But there’s little doubt that Yu is a genuine celebrity — even a literary superstar — at home, her exalted status among the urban literati sitting incongruously with her simple regular life on the small holding of her aging, down-to-earth parents (“work more, make more” is their favorite proverb.) And as the inspirational Yu receives accolades and adulation in Beijing — even making an appearance on a mainstream reality-TV show — the words of the old WWI ditty may come to mind: “How ya gonna keep ’em down on the farm, after they’ve seen Paree?”
Jian is, however, at pains to point out the extent to which Yu draws inspiration for her poetry from her unspoiled surroundings — their quietly idyllic nature potentially threatened, ironically enough, by the specter of tourists beating a path to the famous writer’s remote door. Jian’s limpid visuals, executed in subtly vibrant DV in collaboration with co-cinematographer Ming Xue, deploy imagery that finds examples of captivity and confinement in the natural world: a tiny fish finds itself in a small puddle of rainwater on a large leaf. Yu’s poem’s are sensitively interpolated, being spoken aloud while simultaneously the text appears onscreen — a la Jim Jarmusch’s Paterson.

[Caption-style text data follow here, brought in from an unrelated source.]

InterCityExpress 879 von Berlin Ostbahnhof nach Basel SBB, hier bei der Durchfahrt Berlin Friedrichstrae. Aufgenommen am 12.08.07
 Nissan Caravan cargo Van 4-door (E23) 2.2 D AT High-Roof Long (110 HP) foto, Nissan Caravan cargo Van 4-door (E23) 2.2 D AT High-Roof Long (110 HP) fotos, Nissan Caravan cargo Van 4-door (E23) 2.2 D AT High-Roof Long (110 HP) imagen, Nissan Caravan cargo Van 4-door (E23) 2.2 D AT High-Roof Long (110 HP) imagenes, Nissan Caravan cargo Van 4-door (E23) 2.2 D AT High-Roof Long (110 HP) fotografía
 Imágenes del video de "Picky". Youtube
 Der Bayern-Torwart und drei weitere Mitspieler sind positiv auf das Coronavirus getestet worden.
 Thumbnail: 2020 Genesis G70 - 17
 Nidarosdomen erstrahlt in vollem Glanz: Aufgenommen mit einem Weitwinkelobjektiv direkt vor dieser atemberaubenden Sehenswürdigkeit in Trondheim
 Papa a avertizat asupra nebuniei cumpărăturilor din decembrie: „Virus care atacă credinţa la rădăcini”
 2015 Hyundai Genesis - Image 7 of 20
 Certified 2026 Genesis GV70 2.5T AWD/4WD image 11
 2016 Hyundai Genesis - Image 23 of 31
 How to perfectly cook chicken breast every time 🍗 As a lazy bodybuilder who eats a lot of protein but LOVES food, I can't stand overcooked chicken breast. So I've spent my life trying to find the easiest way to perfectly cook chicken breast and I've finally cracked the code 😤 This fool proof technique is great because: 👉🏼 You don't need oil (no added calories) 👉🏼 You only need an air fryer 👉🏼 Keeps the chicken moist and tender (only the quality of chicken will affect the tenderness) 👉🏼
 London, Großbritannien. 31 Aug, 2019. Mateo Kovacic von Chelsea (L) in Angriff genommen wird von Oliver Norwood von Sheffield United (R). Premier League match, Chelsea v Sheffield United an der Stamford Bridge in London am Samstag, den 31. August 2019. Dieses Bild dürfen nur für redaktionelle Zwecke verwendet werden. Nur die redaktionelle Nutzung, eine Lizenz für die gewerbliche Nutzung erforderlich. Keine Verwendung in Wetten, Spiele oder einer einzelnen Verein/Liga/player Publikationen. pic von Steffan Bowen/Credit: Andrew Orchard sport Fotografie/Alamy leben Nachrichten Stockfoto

Underlining the Emily Dickinson parallels, one commentator pronounces that “their isolated lives makes them imaginatively extravagant.” But whereas Dickinson never married and became increasingly reclusive in her later years, the gregarious Yu was hitched as a teenager to Yin, an uneducated laborer who’s shown working construction in big cities thousands of miles from Hubei. The pair had a child soon after (the kid is absent from the film as he’s always away at college), but obvious disparities in temperament saw the couple drift apart.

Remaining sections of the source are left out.